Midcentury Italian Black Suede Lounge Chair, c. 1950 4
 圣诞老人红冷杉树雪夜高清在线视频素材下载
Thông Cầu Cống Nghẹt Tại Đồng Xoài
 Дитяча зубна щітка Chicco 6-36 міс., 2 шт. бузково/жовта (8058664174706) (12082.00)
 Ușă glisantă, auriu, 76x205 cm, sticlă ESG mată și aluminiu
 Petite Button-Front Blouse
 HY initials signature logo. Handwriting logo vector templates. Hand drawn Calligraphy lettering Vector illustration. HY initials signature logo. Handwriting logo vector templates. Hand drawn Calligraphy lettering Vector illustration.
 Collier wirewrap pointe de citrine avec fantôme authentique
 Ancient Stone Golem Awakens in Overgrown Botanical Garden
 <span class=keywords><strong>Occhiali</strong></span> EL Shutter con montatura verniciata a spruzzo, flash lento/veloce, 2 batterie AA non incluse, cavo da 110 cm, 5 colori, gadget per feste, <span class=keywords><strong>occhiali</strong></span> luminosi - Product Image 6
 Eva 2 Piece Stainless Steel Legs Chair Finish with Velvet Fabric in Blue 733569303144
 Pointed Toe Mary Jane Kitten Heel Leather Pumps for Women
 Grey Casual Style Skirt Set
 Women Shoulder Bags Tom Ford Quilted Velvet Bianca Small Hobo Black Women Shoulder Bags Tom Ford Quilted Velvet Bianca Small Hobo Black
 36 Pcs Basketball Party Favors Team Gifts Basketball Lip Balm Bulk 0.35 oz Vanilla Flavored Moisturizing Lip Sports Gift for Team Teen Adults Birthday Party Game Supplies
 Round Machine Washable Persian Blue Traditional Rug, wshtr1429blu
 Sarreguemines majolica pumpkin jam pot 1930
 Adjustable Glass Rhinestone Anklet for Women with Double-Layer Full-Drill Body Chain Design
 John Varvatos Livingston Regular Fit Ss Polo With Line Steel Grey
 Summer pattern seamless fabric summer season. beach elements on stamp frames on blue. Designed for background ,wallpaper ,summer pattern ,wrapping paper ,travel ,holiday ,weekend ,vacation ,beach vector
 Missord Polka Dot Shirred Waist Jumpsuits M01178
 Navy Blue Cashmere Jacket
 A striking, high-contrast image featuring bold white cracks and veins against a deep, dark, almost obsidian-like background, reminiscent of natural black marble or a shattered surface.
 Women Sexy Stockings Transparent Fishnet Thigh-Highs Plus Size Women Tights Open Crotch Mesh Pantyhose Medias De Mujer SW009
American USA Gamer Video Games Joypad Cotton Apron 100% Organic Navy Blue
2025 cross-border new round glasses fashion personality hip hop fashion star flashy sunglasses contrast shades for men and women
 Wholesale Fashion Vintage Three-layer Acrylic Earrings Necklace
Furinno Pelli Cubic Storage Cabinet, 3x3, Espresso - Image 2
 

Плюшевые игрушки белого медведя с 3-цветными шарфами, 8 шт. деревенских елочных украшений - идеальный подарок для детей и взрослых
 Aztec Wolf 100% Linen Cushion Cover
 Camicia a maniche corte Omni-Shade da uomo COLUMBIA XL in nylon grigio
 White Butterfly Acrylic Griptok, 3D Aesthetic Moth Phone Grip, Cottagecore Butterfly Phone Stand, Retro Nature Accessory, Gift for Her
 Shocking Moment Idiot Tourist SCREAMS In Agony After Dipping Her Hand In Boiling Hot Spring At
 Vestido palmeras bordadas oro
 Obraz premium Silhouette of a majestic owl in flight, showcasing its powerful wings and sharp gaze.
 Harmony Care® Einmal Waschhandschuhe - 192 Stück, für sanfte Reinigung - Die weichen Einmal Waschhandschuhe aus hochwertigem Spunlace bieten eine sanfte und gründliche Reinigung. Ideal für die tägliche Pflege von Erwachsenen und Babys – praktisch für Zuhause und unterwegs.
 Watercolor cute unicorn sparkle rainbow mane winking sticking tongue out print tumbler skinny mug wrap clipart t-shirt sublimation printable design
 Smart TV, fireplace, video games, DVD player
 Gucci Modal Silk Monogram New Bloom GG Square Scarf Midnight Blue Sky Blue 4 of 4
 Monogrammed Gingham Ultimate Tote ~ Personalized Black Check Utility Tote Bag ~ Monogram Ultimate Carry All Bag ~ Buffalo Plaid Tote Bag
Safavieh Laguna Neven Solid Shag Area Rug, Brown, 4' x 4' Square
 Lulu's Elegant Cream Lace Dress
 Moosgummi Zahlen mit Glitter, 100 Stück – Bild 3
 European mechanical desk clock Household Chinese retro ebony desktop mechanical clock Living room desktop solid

====================

* **TASK OBJECTIVE**: From the data above, output exactly the lines between the one containing "Дитяча зубна щітка" and the one containing "Petite Button-Front Blouse", counting both of them.

* **EXERCISE RESPONSE**:
 Дитяча зубна щітка Chicco 6-36 міс., 2 шт. бузково/жовта (8058664174706) (12082.00)
 Ușă glisantă, auriu, 76x205 cm, sticlă ESG mată și aluminiu
 Petite Button-Front Blouse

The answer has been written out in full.